[WORK ITEM]
Beginning with the line in which "New 2026 Hyundai" appears, transcribe each line word for word until the records end. Do not include pictures.

(Beginning of GIVEN ENTRIES)

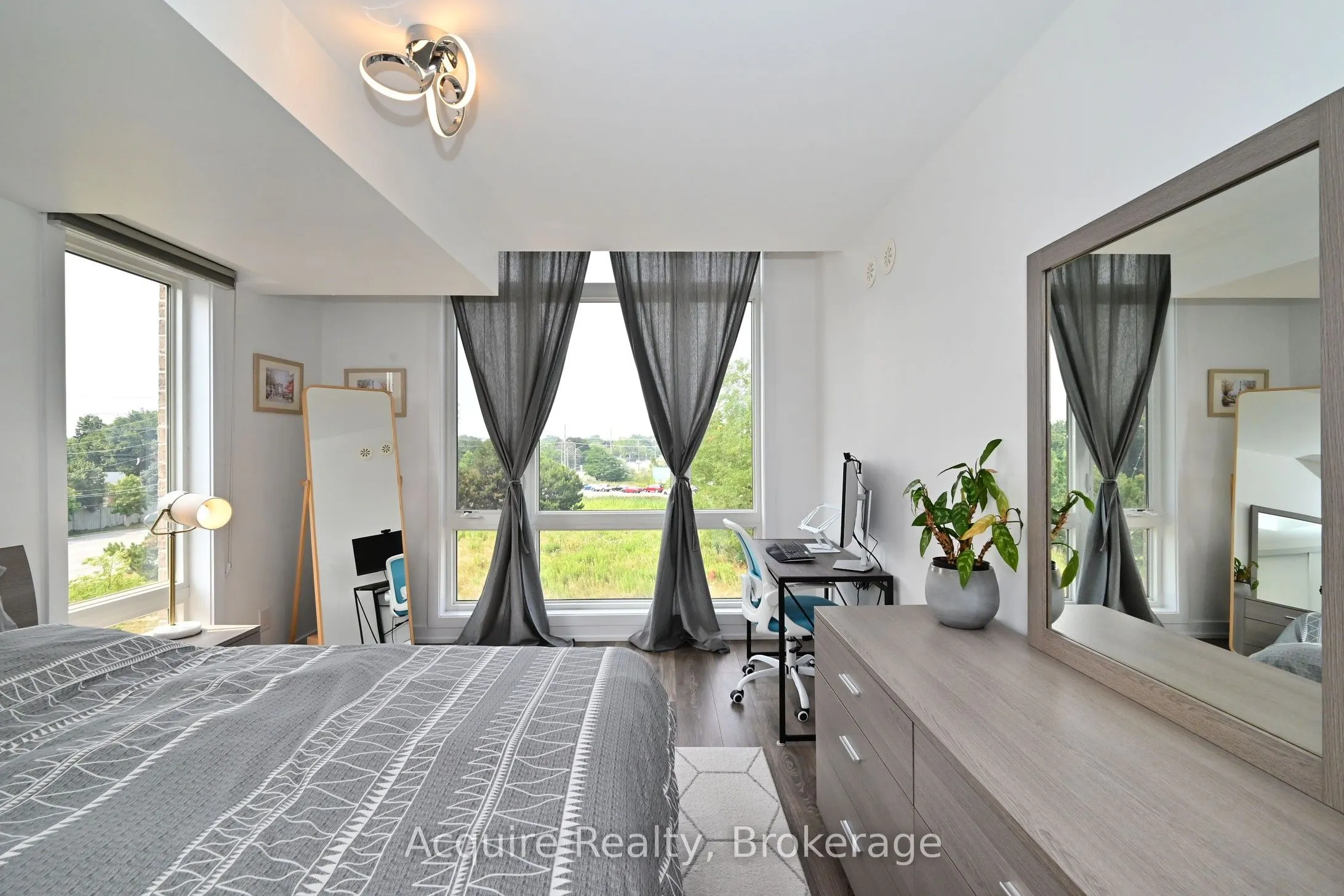 10 Dunsheath Way, #203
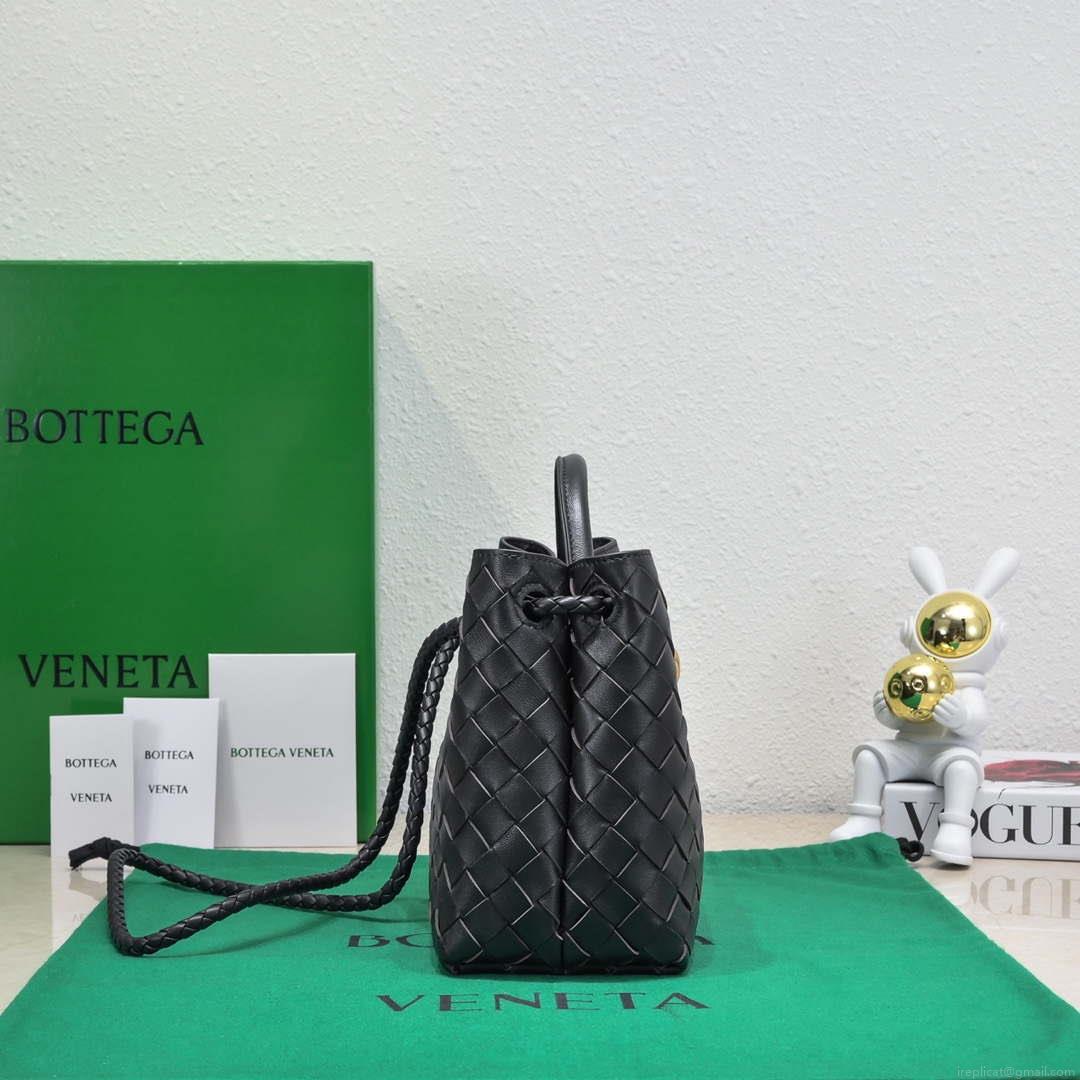 Bottega Veneta BV 743568 Small Andiamo Black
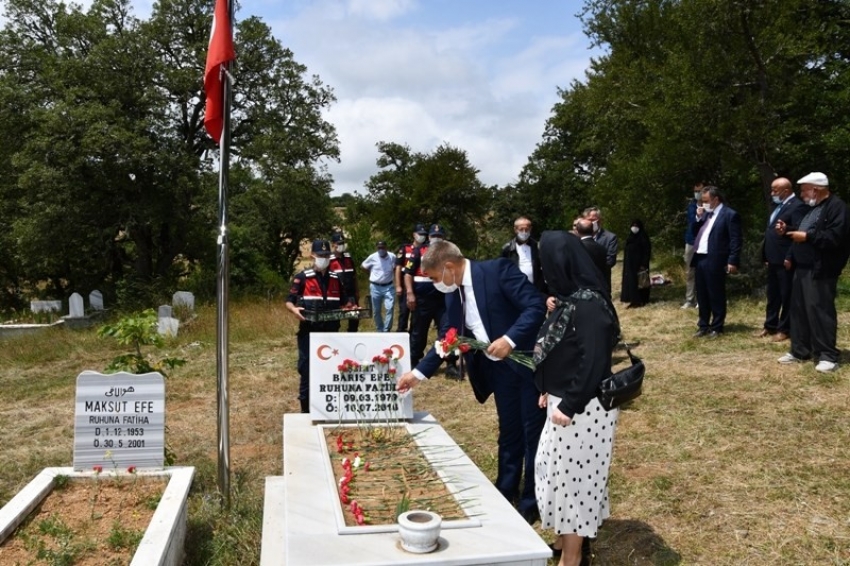 15 Temmuz şehidinin mezarına ziyaret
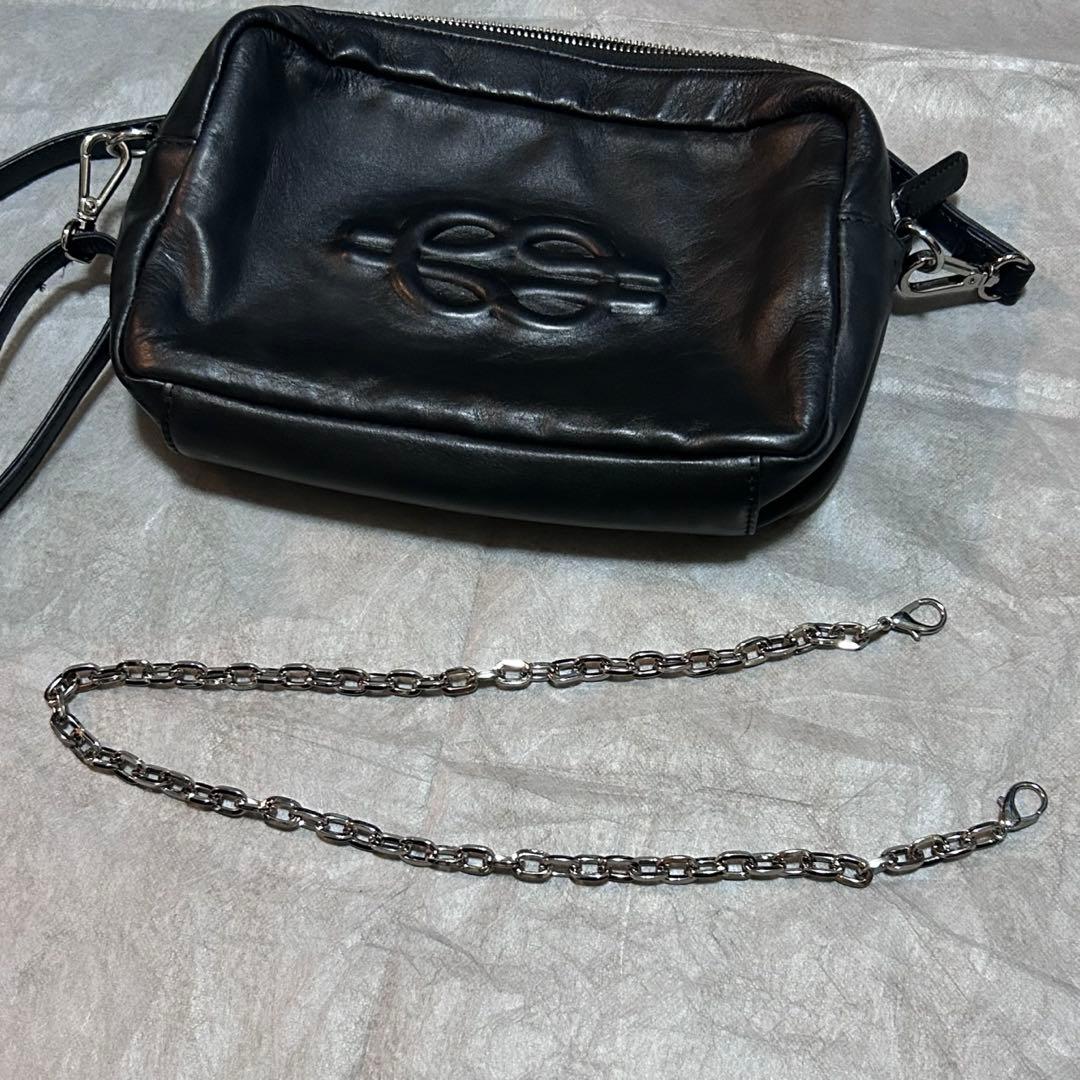 ear PAPILLONNER 《牛革》エンボス ショルダーバッグ ブラック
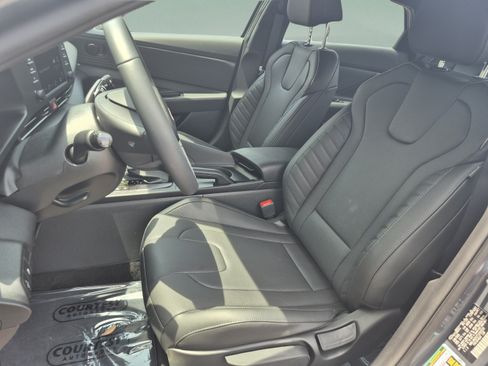 New 2026 Hyundai Elantra SEL Sport FWD image 18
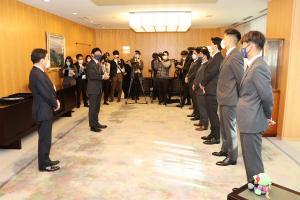 サッカーJ2リーグ　ファジアーノ岡山の知事表敬訪問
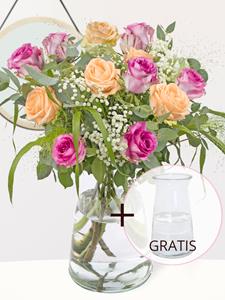 Surprose Gemengd rozenboeket roze-zalm + gratis glasvaas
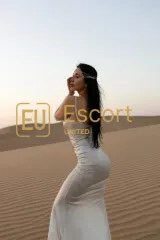 Escort girl Kelly based in Dubai — photo 11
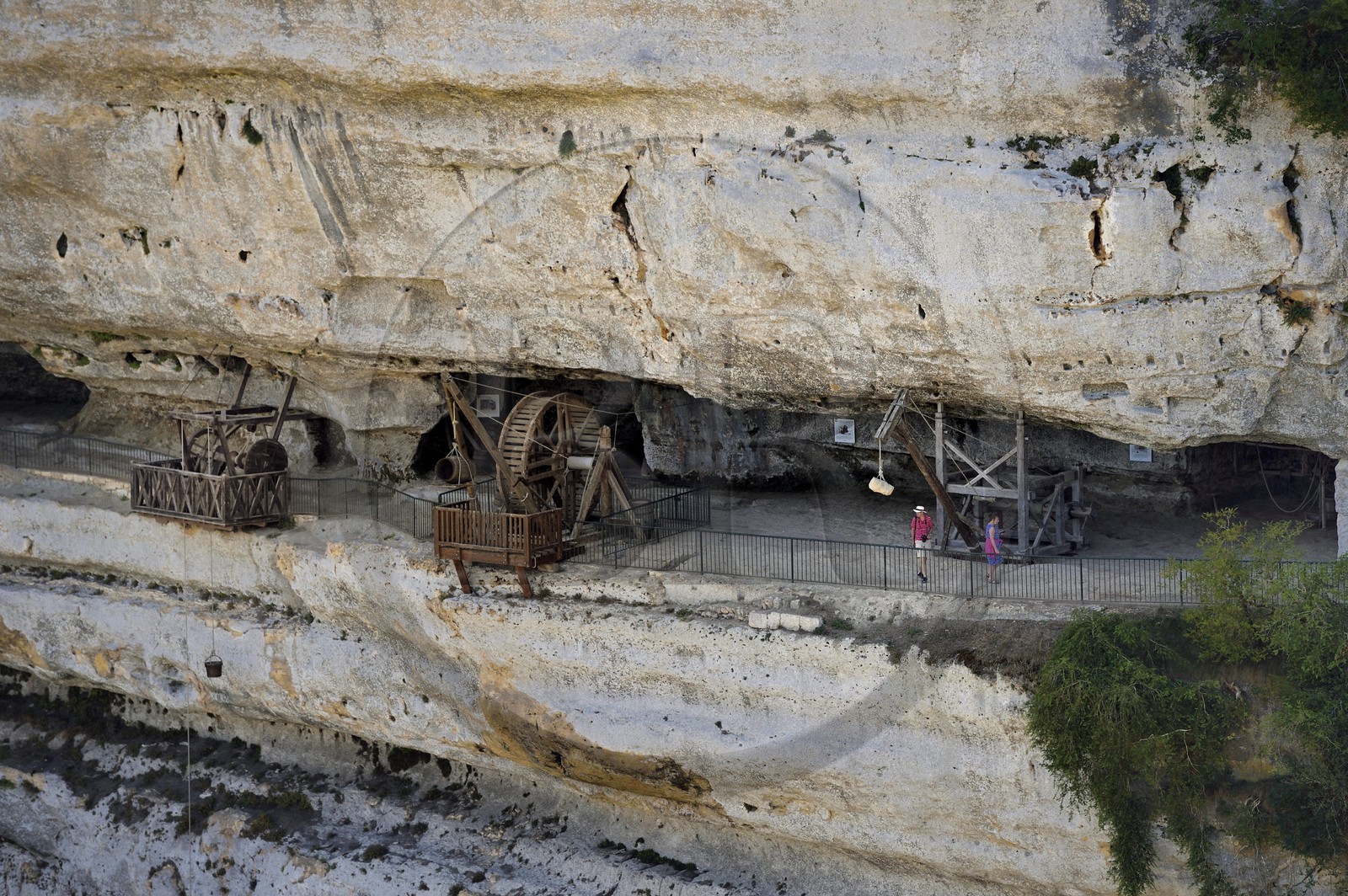 France, Dordogne (24), Périgord Noir, vallée de la Vézère, site préhistorique et grotte ornée classés Patrimoine Mondial de l'UNESCO, Peyzac-le-Moustier, falaise de La Roque-Saint-Christophe, site troglotytique datant de la Préhistoire, reconstitution de machines à lever médievales dans l'abri sous roche de la grande terrasse (vue aérienne)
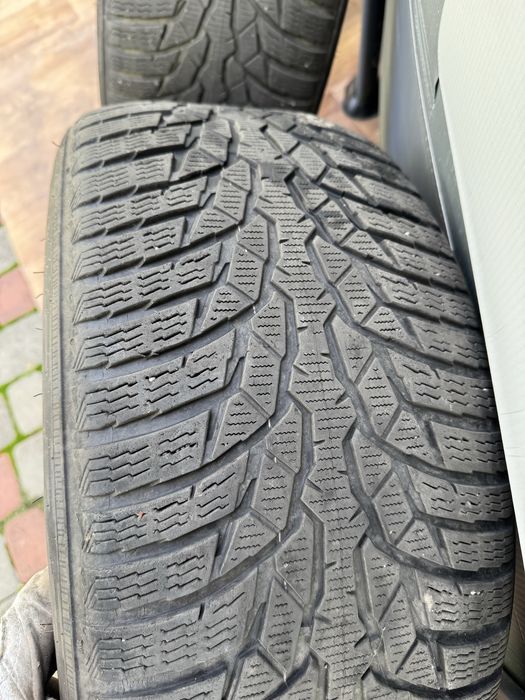 Продам шини NOKIAN WR4D 245/45 R18
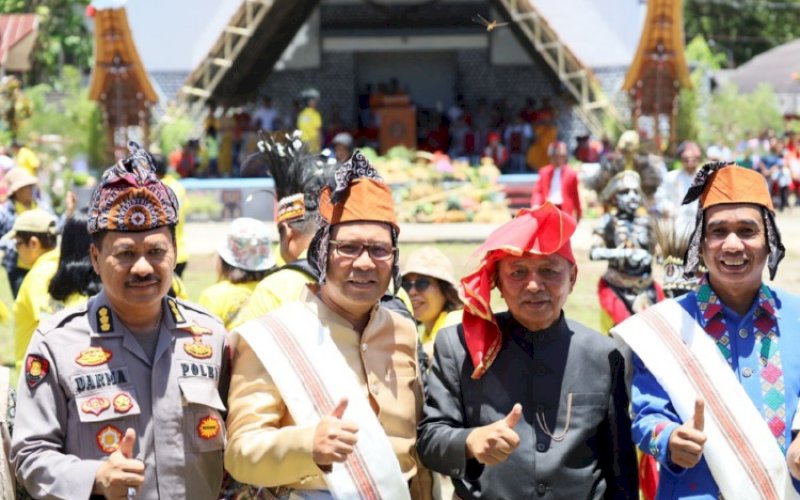 UNDANGAN. Wali Kota Makassar Moh Ramdhan Pomanto (kedua kiri) bersama Ketua DPRD Kota Makassar Rudianto Lallo (kanan) saat menghadiri undangan peringatan 110 Tahun Injil Masuk Toraja (IMT) di Tongkonan Sangulele, Toraja Utara, Rabu (15/3/2023). foto: istimewa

(End of GIVEN ENTRIES)

[TASK SOLUTION]
 New 2026 Hyundai Elantra SEL Sport FWD image 18
 サッカーJ2リーグ　ファジアーノ岡山の知事表敬訪問
 Surprose Gemengd rozenboeket roze-zalm + gratis glasvaas
 Escort girl Kelly based in Dubai — photo 11
 France, Dordogne (24), Périgord Noir, vallée de la Vézère, site préhistorique et grotte ornée classés Patrimoine Mondial de l'UNESCO, Peyzac-le-Moustier, falaise de La Roque-Saint-Christophe, site troglotytique datant de la Préhistoire, reconstitution de machines à lever médievales dans l'abri sous roche de la grande terrasse (vue aérienne)
 Продам шини NOKIAN WR4D 245/45 R18
 UNDANGAN. Wali Kota Makassar Moh Ramdhan Pomanto (kedua kiri) bersama Ketua DPRD Kota Makassar Rudianto Lallo (kanan) saat menghadiri undangan peringatan 110 Tahun Injil Masuk Toraja (IMT) di Tongkonan Sangulele, Toraja Utara, Rabu (15/3/2023). foto: istimewa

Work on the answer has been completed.